By the way we heard an interesting auction before the game began yesterday.  Someone repeated a duplicate story that proceeded 1NT P 3NT P (which normally closes the auction of course) – but surprise, surprise, the opener jumped to 6D (making of course).  Recorder, anyone?

And who ever said duplicate was boring?


31 Comments

RoseDecember 4th, 2010 at 5:36 pm

SCENARIO #1 — May or may not because of vulnerability.

SCENARIO #2 — Even if they put a gun to my head (and I knew it wasn’t loaded), I would not dream of bidding after the huddle.

What actually happened? What was partner’s hand?

Judy Kay-WolffDecember 4th, 2010 at 5:37 pm

Rose:

I’ll give people a chance to answer before giving the details.

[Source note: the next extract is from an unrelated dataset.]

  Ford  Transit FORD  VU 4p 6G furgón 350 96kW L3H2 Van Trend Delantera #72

Thanks for taking the time to comment.

Larry CohenDecember 4th, 2010 at 7:32 pm

Just can’t take action after partner’s huddle. Have to Pass — and let yourself sleep at night with a clean conscience rather than act and try for a good bridge result and end up feeling unethical.

Judy Kay-WolffDecember 5th, 2010 at 8:35 am

Other than Rose and Larry, doesn’t anyone else have an opinion after a huddle whether it is right to balance? Shocking to me with all the bitching about taking advantage of huddles in non forcing auctions, that no one else would venture an opinion.

Judy

CPDecember 5th, 2010 at 10:13 am

i agree wholeheartedly with Larry. How can anyone in all good conscience even consider bidding after a long huddle.

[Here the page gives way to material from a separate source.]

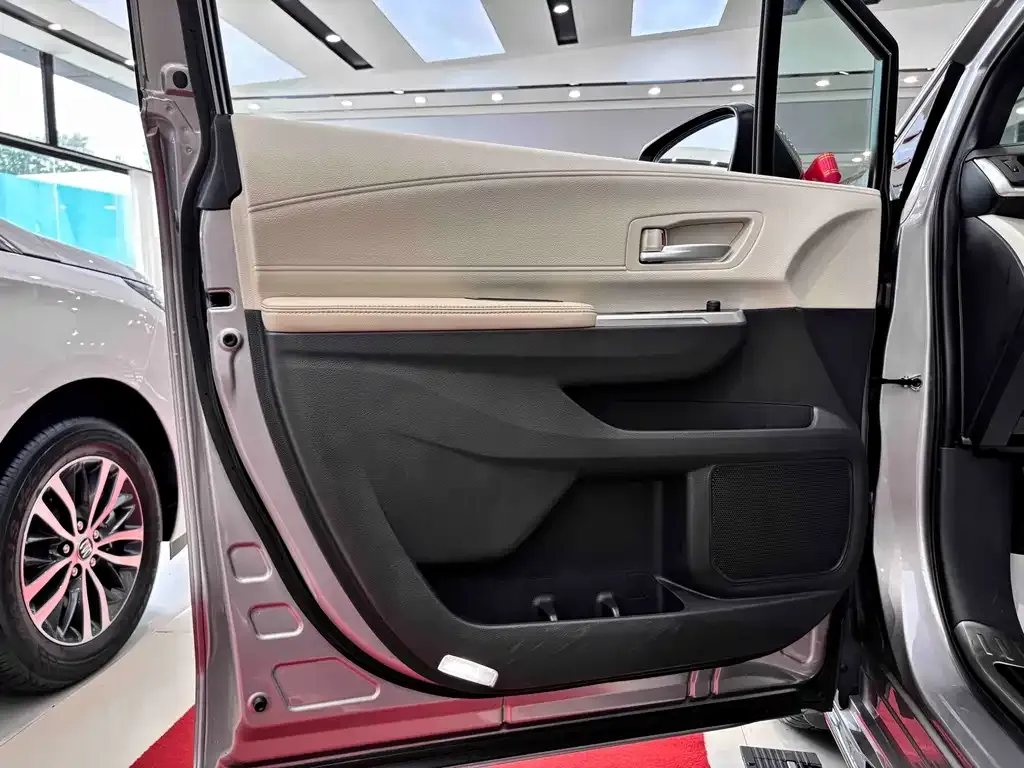 Toyota Sienna — фото 9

It seems like without directors being called, this will happen more and more. I cannot imagine a director allowing such a tactic.

Curious as to the result on the board — and to see what this “huddle” looked like.

Can’t believe others are mysteriously silent on this balance of 5C when it seems like a slam dunk. Maybe that is the way of the future. Going from bad to worse!

CarolDecember 5th, 2010 at 1:05 pm

My aggressive partner would pass without the huddle!

SonnyDecember 5th, 2010 at 1:22 pm

Scenario #2 is open and shut to PASS and even #1 is too dangerous vulnerable to come back into the auction. I know it is a bidder’s game, but there are limitations.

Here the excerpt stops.